- [WHAT TO PRODUCE] Find the line containing "Рыбу на муку", then return it and every line after it through the end of the records, exactly. Leave out pictures.

[EXERCISE MATERIAL — start]

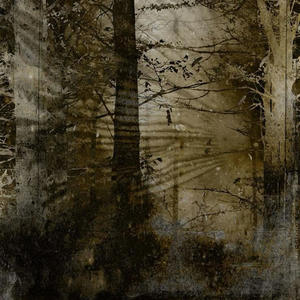 Nothing left to lose (feat. Shydh) (Explicit)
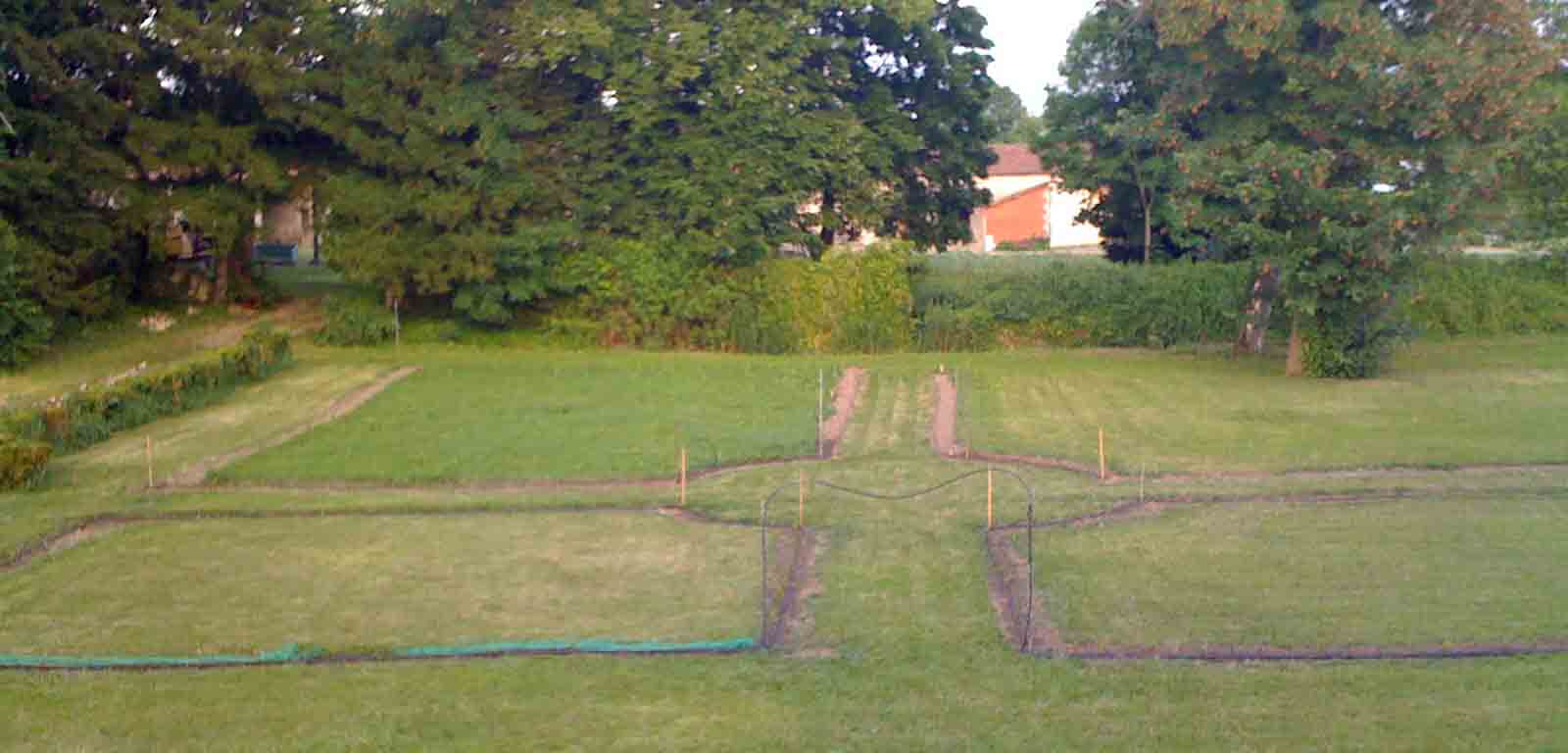 Le potager de buis en 2009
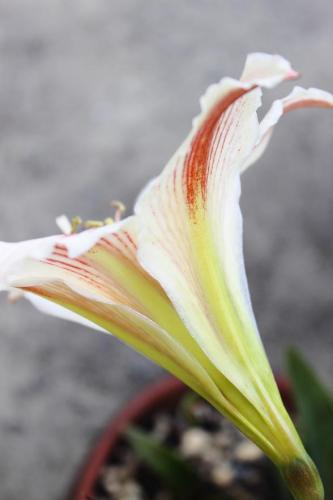 20160514 アマリリス　白 3.jpg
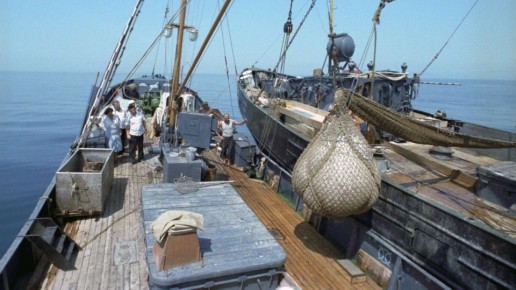 Рыбу на муку перерабатывать нужно только в море – мнение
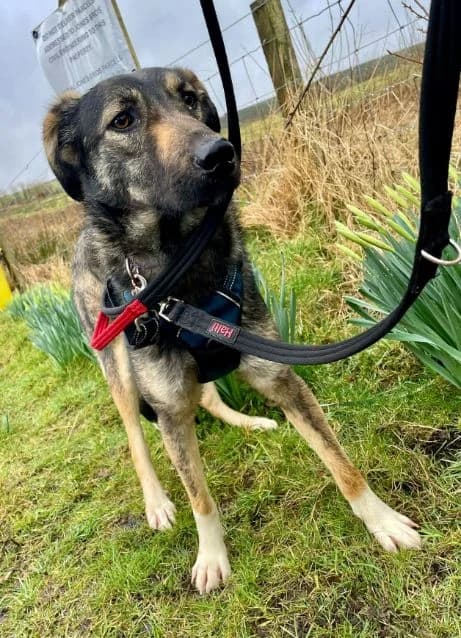 Leonie, female young Mixed Breed for adoption at Islay Dog Rescue, Cumnock (Ayrshire)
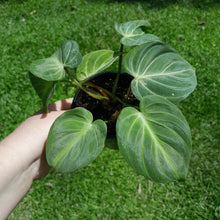 Load image into Gallery viewer, #R55 Three x Headed Miniature Philodendron Gloriosum / Tinkle Bell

[EXERCISE MATERIAL — finish]

- [EXPECTED ANSWER]
 Рыбу на муку перерабатывать нужно только в море – мнение
 Leonie, female young Mixed Breed for adoption at Islay Dog Rescue, Cumnock (Ayrshire)
 Load image into Gallery viewer, #R55 Three x Headed Miniature Philodendron Gloriosum / Tinkle Bell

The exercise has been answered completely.